- **Work required**
Below are some records: retype them all exactly, but not the pictures.
─── Entries shown ───
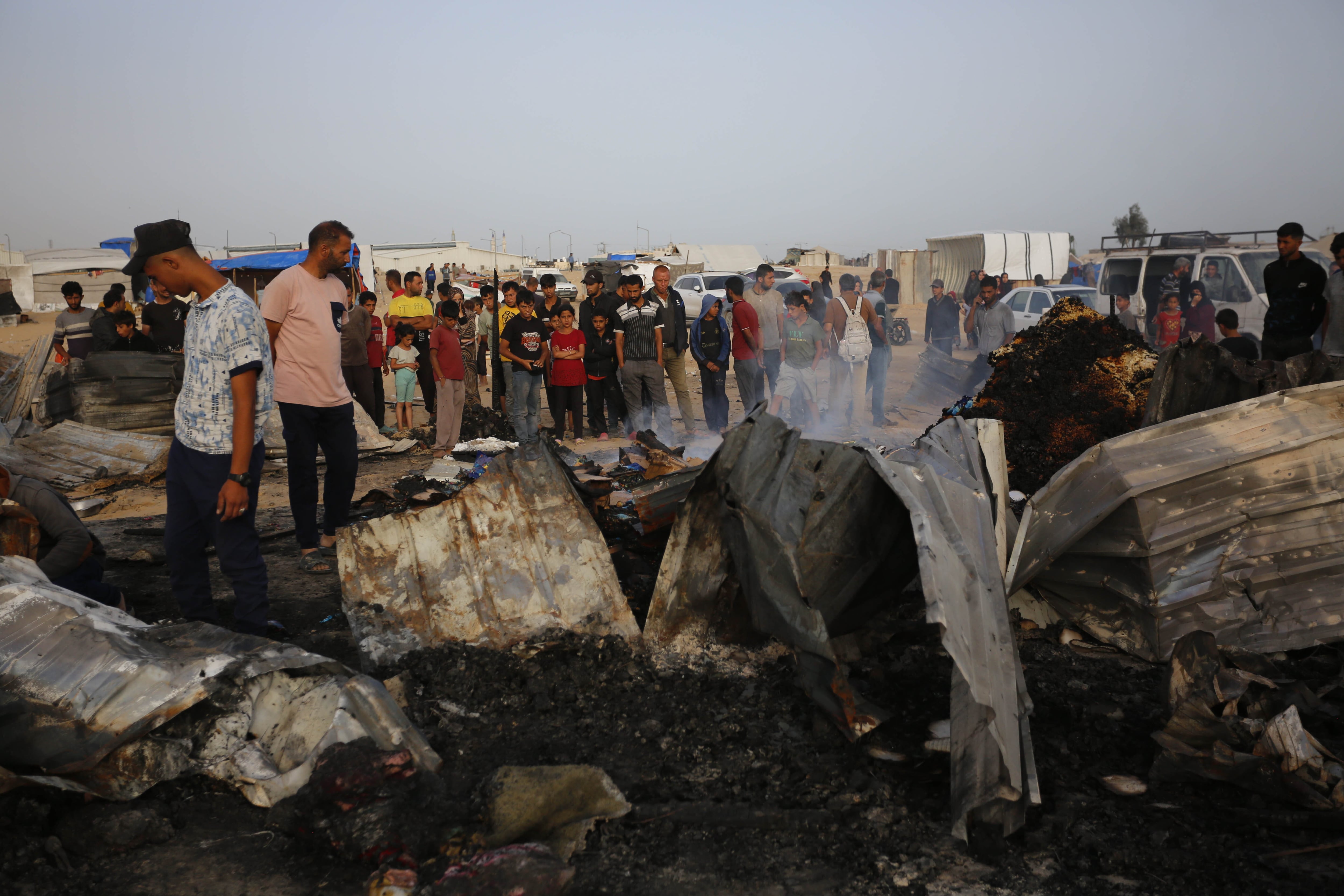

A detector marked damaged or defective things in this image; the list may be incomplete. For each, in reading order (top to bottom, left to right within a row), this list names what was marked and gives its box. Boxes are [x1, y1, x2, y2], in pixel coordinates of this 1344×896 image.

burned corrugated metal sheet [0, 422, 171, 486]
rusted metal sheet [0, 422, 171, 491]
rusted metal sheet [0, 553, 438, 806]
burned corrugated metal sheet [336, 441, 640, 666]
rusted metal sheet [336, 441, 640, 666]
rusted metal sheet [648, 411, 1038, 844]
burned corrugated metal sheet [648, 414, 1038, 844]
burned corrugated metal sheet [1011, 379, 1344, 658]
rusted metal sheet [1011, 381, 1344, 663]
───
- **Response area**
A detector marked damaged or defective things in this image; the list may be incomplete. For each, in reading order (top to bottom, left to right within a row), this list names what was marked and gives its box. Boxes are [x1, y1, x2, y2], in pixel coordinates of this 1344×896 image.

burned corrugated metal sheet [0, 422, 171, 486]
rusted metal sheet [0, 422, 171, 491]
rusted metal sheet [0, 553, 438, 806]
burned corrugated metal sheet [336, 441, 640, 666]
rusted metal sheet [336, 441, 640, 666]
rusted metal sheet [648, 411, 1038, 844]
burned corrugated metal sheet [648, 414, 1038, 844]
burned corrugated metal sheet [1011, 379, 1344, 658]
rusted metal sheet [1011, 381, 1344, 663]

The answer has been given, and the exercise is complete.